Activity:
Using the entries below, output exactly the lines from the one containing "William Morris Persian" through the final line, both included, and no others.

Items from a dataset:
——

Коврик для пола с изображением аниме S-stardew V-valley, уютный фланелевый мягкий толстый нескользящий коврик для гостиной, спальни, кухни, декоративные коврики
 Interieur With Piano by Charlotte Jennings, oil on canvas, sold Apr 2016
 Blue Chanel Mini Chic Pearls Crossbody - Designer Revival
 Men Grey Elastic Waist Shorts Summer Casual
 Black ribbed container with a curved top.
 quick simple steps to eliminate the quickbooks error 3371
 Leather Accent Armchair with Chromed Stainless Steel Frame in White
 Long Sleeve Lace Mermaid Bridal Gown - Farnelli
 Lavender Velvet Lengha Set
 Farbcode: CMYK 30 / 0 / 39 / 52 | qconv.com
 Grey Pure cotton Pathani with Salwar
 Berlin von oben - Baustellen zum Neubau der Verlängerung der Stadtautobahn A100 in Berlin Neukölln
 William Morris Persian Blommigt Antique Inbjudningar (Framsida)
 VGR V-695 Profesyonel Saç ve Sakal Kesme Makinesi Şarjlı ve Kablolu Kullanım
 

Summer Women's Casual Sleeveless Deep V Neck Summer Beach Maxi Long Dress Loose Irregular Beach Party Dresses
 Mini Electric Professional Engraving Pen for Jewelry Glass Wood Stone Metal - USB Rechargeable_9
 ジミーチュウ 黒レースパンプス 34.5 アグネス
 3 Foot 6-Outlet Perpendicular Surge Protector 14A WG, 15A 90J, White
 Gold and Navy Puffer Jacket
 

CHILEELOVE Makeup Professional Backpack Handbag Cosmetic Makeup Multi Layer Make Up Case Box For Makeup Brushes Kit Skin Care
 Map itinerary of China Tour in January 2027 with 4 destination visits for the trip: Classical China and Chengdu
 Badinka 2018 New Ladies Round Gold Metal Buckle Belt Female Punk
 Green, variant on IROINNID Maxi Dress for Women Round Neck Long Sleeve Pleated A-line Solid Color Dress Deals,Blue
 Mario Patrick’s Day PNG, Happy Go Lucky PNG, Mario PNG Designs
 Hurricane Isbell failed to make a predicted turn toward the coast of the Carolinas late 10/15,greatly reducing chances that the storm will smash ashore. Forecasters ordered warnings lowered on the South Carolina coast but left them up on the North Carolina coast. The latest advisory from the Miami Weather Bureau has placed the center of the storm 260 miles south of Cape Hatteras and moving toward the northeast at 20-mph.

——

Solved problem:
 William Morris Persian Blommigt Antique Inbjudningar (Framsida)
 VGR V-695 Profesyonel Saç ve Sakal Kesme Makinesi Şarjlı ve Kablolu Kullanım
 

Summer Women's Casual Sleeveless Deep V Neck Summer Beach Maxi Long Dress Loose Irregular Beach Party Dresses
 Mini Electric Professional Engraving Pen for Jewelry Glass Wood Stone Metal - USB Rechargeable_9
 ジミーチュウ 黒レースパンプス 34.5 アグネス
 3 Foot 6-Outlet Perpendicular Surge Protector 14A WG, 15A 90J, White
 Gold and Navy Puffer Jacket
 

CHILEELOVE Makeup Professional Backpack Handbag Cosmetic Makeup Multi Layer Make Up Case Box For Makeup Brushes Kit Skin Care
 Map itinerary of China Tour in January 2027 with 4 destination visits for the trip: Classical China and Chengdu
 Badinka 2018 New Ladies Round Gold Metal Buckle Belt Female Punk
 Green, variant on IROINNID Maxi Dress for Women Round Neck Long Sleeve Pleated A-line Solid Color Dress Deals,Blue
 Mario Patrick’s Day PNG, Happy Go Lucky PNG, Mario PNG Designs
 Hurricane Isbell failed to make a predicted turn toward the coast of the Carolinas late 10/15,greatly reducing chances that the storm will smash ashore. Forecasters ordered warnings lowered on the South Carolina coast but left them up on the North Carolina coast. The latest advisory from the Miami Weather Bureau has placed the center of the storm 260 miles south of Cape Hatteras and moving toward the northeast at 20-mph.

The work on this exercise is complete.